● **INSTRUCTIONS FOR THE TASK**
Would you please output, word for word, the span of the listing below that opens on the line containing "фото 1 Велосипед" and closes on the line containing "Teejay Marquez on"? Include both ends and nothing more.

● **INPUT DATA**
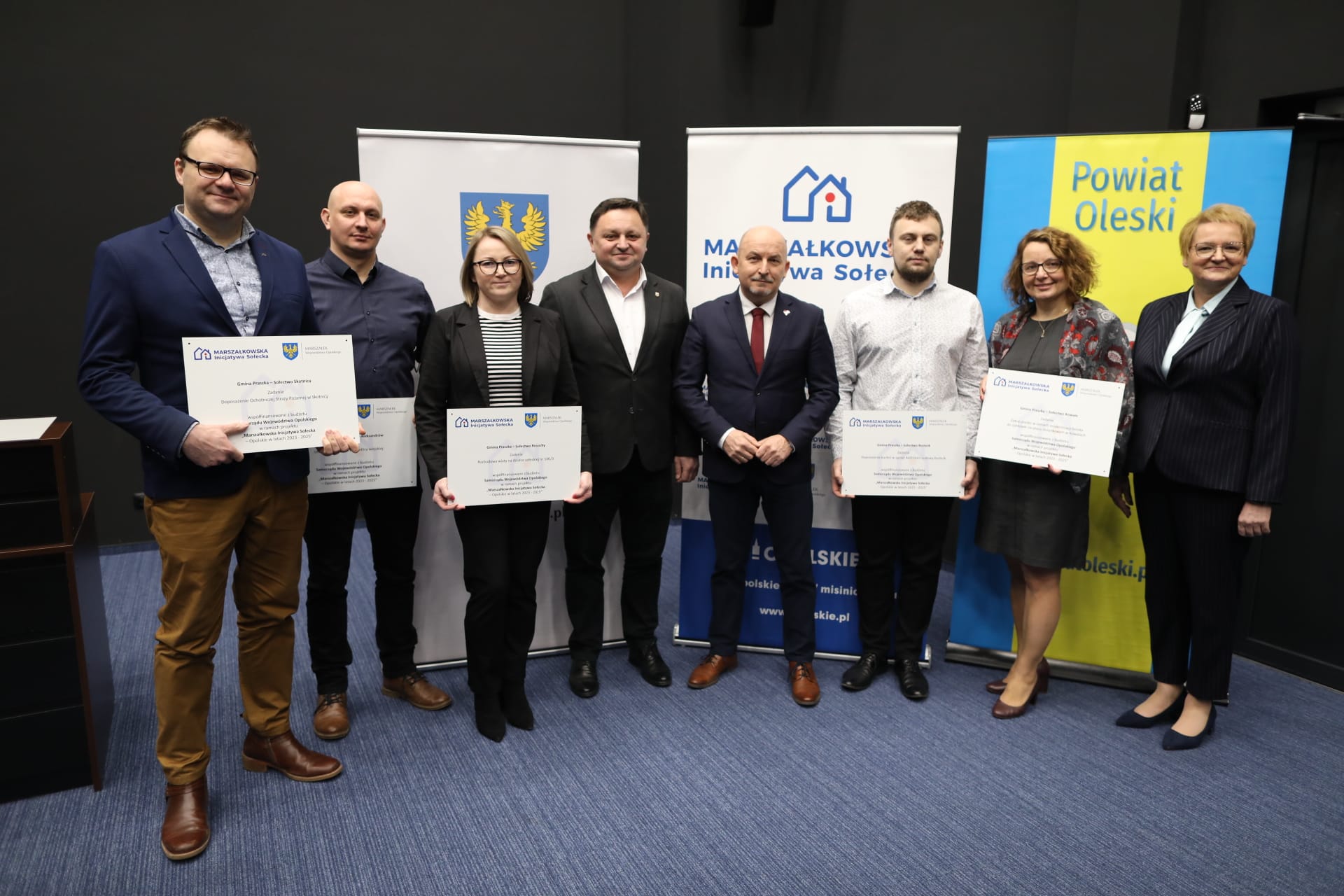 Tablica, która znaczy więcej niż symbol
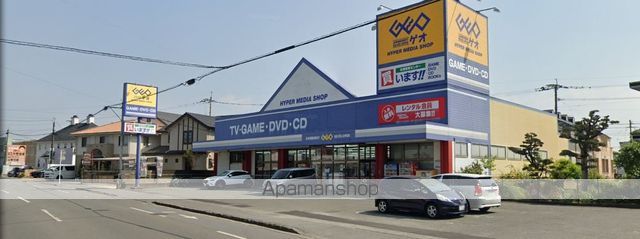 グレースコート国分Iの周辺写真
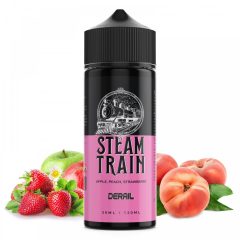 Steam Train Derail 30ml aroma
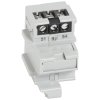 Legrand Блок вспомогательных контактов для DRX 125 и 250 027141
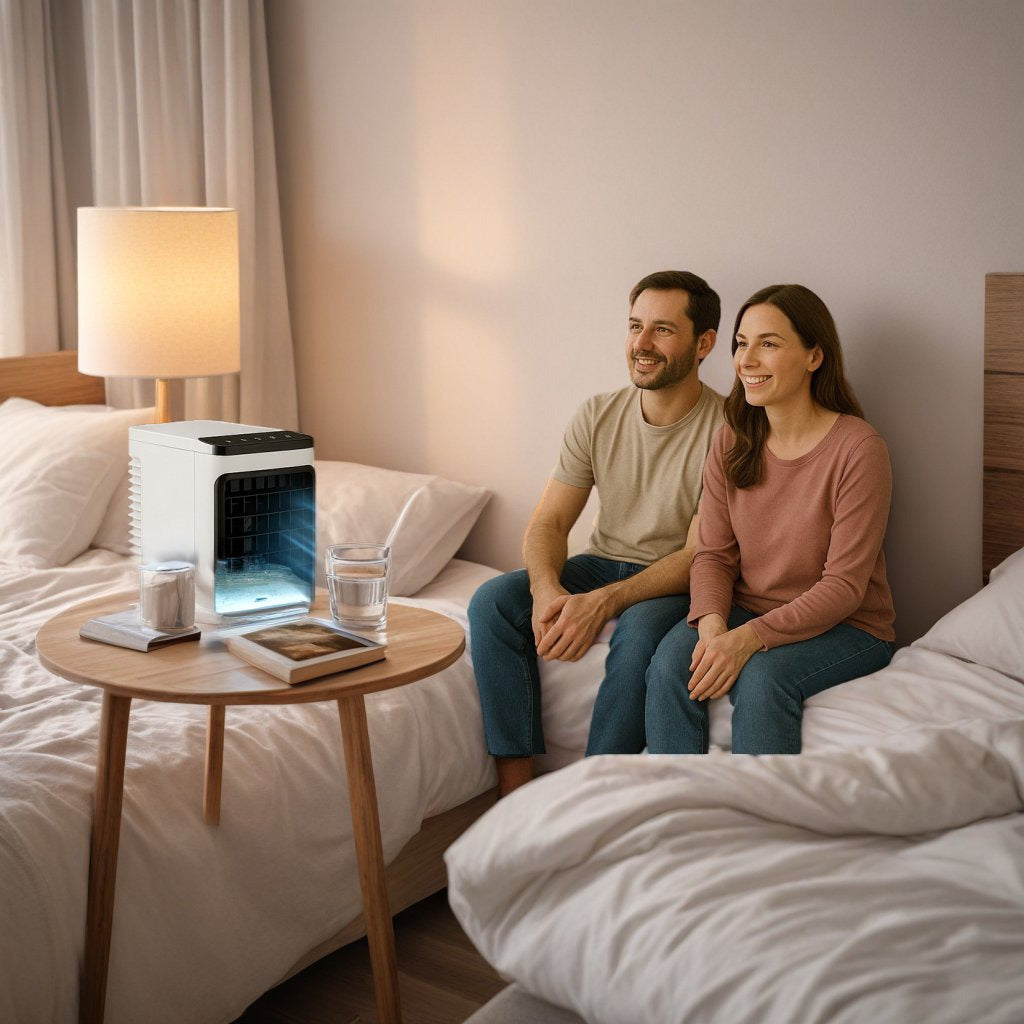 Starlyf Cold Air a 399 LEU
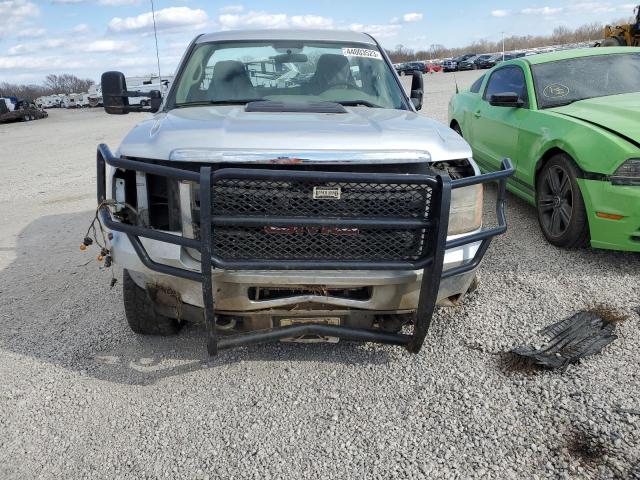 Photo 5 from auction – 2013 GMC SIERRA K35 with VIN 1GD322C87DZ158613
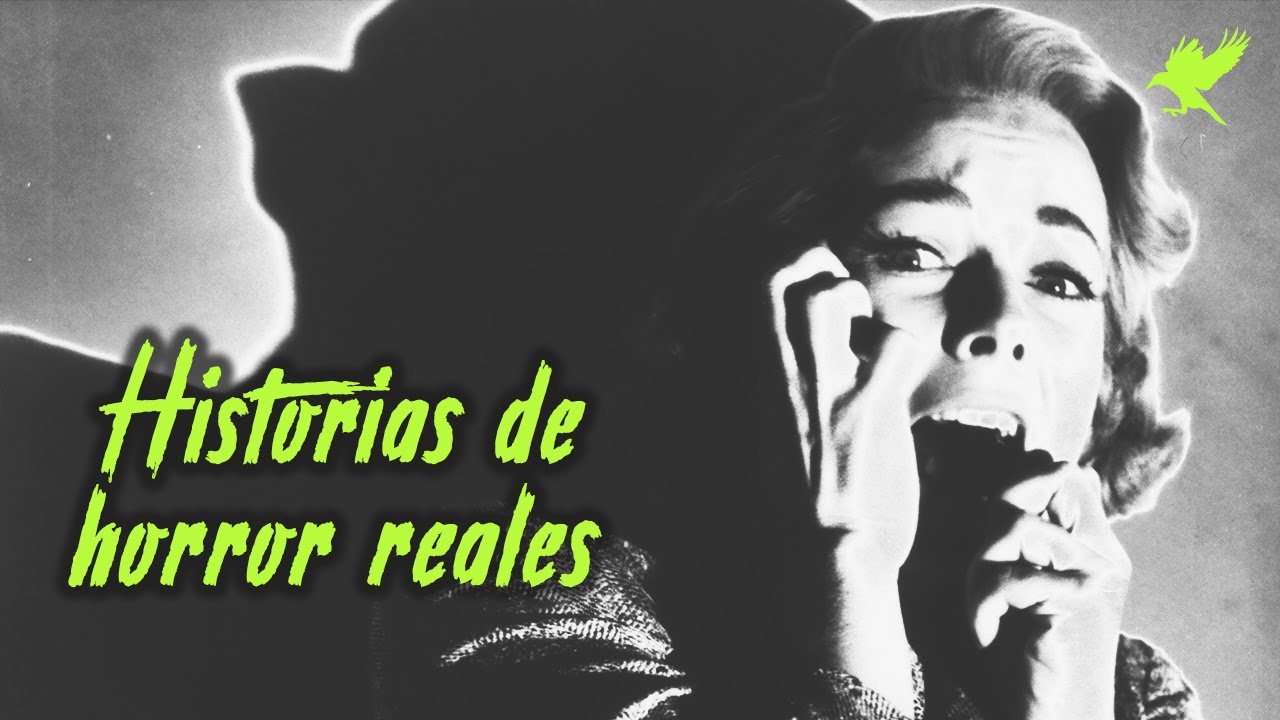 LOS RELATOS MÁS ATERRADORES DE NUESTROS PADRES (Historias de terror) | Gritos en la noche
---
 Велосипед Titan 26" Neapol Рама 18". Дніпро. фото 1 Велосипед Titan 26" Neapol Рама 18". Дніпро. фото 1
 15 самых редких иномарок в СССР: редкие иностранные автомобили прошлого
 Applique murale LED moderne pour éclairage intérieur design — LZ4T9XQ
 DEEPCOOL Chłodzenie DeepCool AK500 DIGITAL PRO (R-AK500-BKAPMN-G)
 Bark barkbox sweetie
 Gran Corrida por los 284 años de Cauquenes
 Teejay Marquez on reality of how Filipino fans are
--
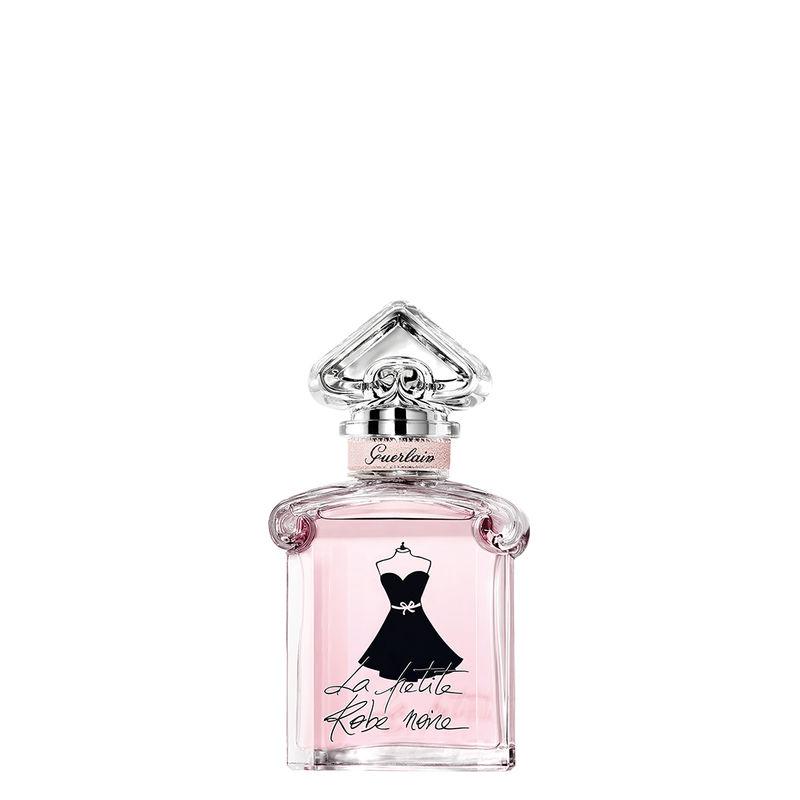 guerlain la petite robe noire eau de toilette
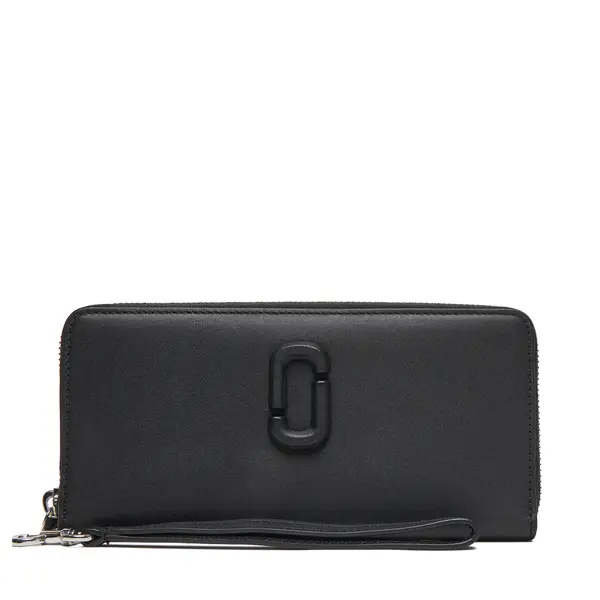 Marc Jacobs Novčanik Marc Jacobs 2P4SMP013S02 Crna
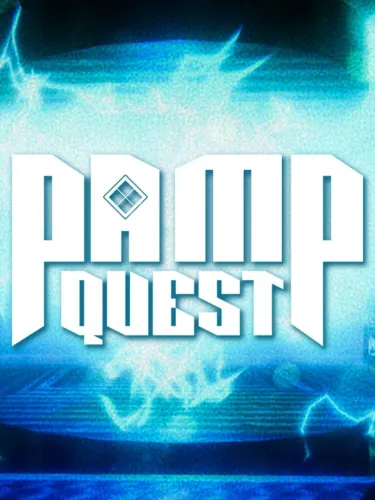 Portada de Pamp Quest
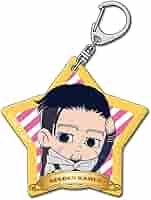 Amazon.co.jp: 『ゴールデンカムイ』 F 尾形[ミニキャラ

● **RESULT OF THE TASK**
 Велосипед Titan 26" Neapol Рама 18". Дніпро. фото 1 Велосипед Titan 26" Neapol Рама 18". Дніпро. фото 1
 15 самых редких иномарок в СССР: редкие иностранные автомобили прошлого
 Applique murale LED moderne pour éclairage intérieur design — LZ4T9XQ
 DEEPCOOL Chłodzenie DeepCool AK500 DIGITAL PRO (R-AK500-BKAPMN-G)
 Bark barkbox sweetie
 Gran Corrida por los 284 años de Cauquenes
 Teejay Marquez on reality of how Filipino fans are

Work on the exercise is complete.